[What needs to be done]: Without including any pictures, retype exactly the lines from the top of the records through the line containing "Picha ya pamoja", that final line included.

Saved entries:

--------

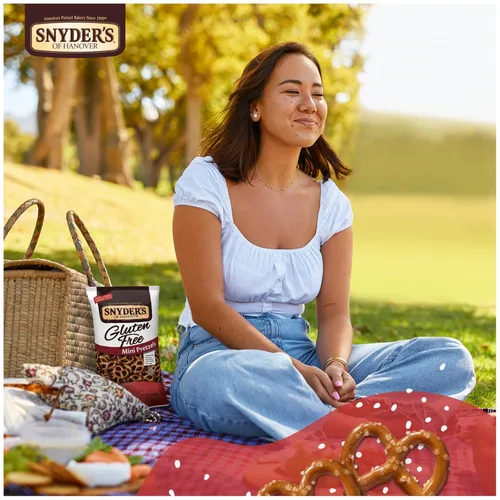 Vista 6 de Snyder's of Hanover, Mini pretzels sin gluten, bolsa de 8 onzas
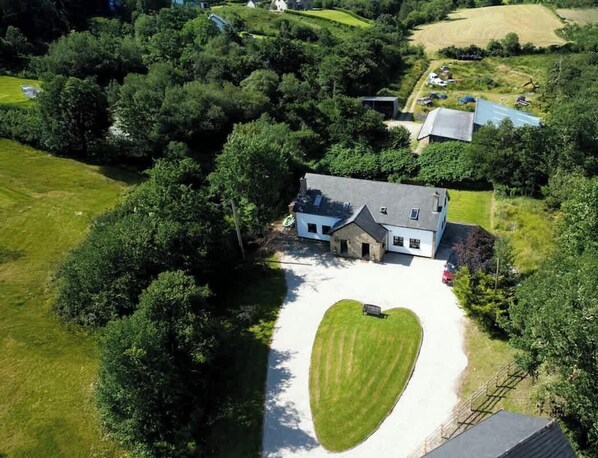 An aerial view of a house with a driveway leading to a heart-shaped lawn. - Private Ensuite Room Near Town With Quiet Garden (Letterkenny)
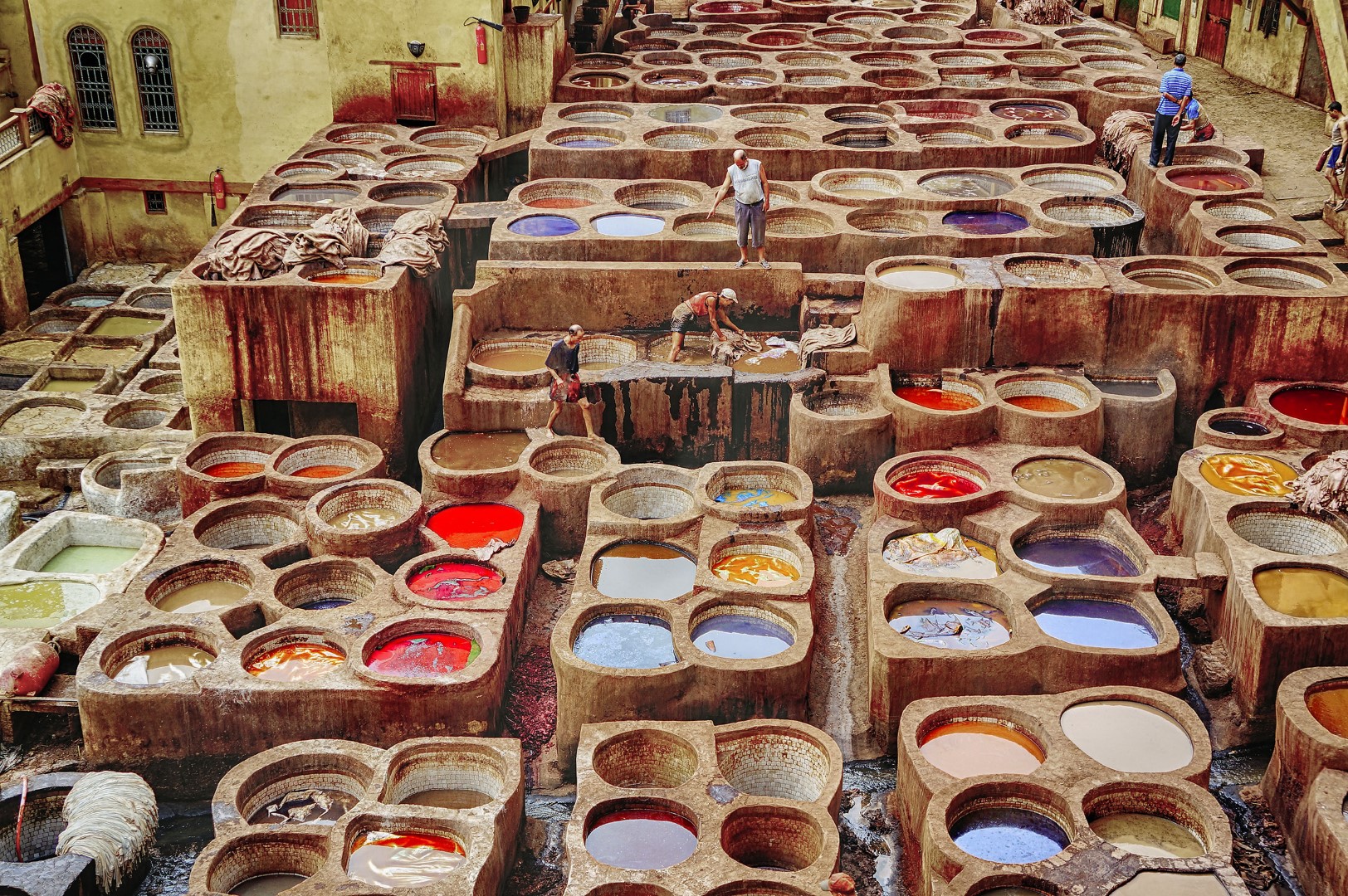 Fes mit seinen berühmten Farbbottichen  — Foto: Gettyimages / via Studiosus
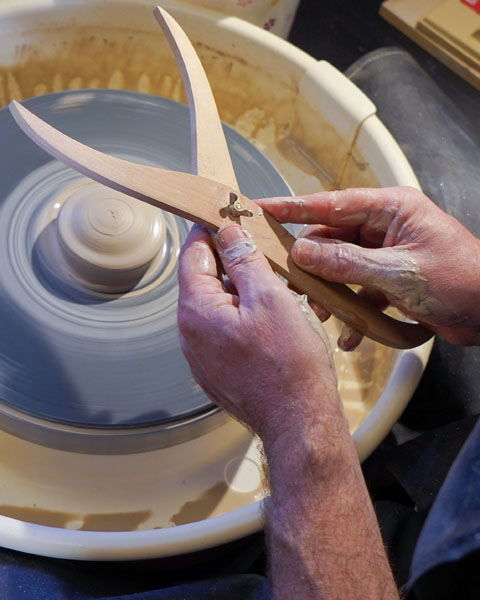 Drehen an der Töpferscheibe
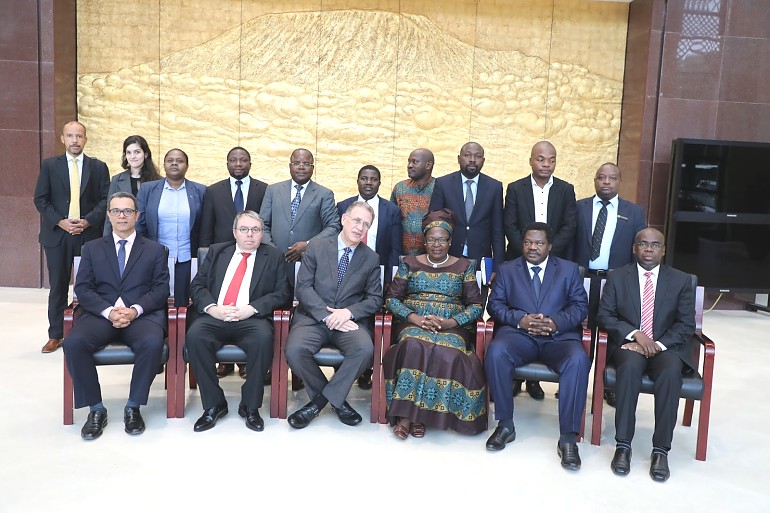 Picha ya pamoja kati ya Naibu Mawaziri na wajumbe wote wa Tanzania na Brazil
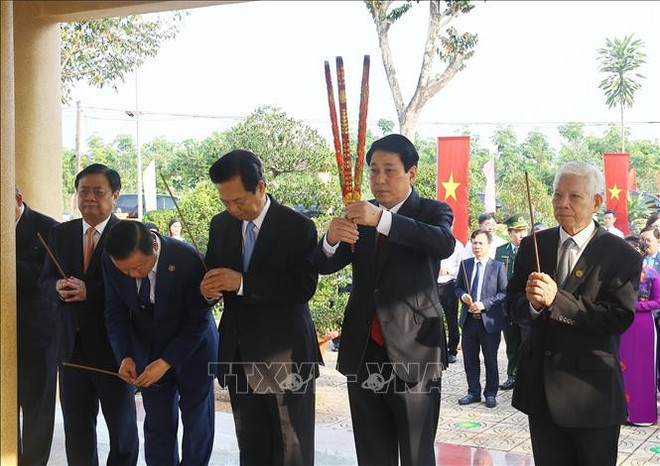 El presidente Luong Cuong y los delegados ofrecen inciensos en homenaje a los mártires heroicos. (Foto: VNA)
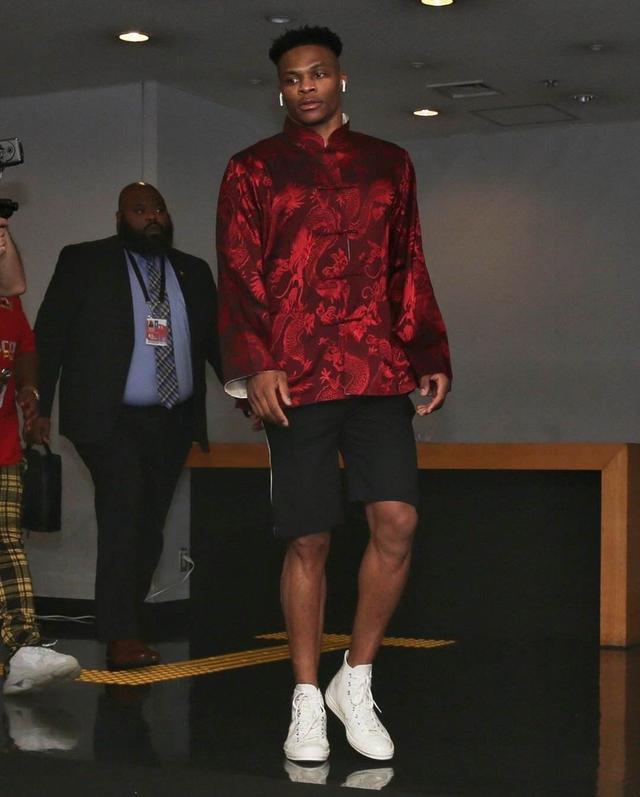 西甲半场：格德斯建功，久保建英失良机，皇家社会1-0赫罗纳（西甲上半场战报：格德斯破门，久保建英失机，皇家社会暂以1-0领先赫罗纳）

--------

[Response area]:
 Vista 6 de Snyder's of Hanover, Mini pretzels sin gluten, bolsa de 8 onzas
 An aerial view of a house with a driveway leading to a heart-shaped lawn. - Private Ensuite Room Near Town With Quiet Garden (Letterkenny)
 Fes mit seinen berühmten Farbbottichen  — Foto: Gettyimages / via Studiosus
 Drehen an der Töpferscheibe
 Picha ya pamoja kati ya Naibu Mawaziri na wajumbe wote wa Tanzania na Brazil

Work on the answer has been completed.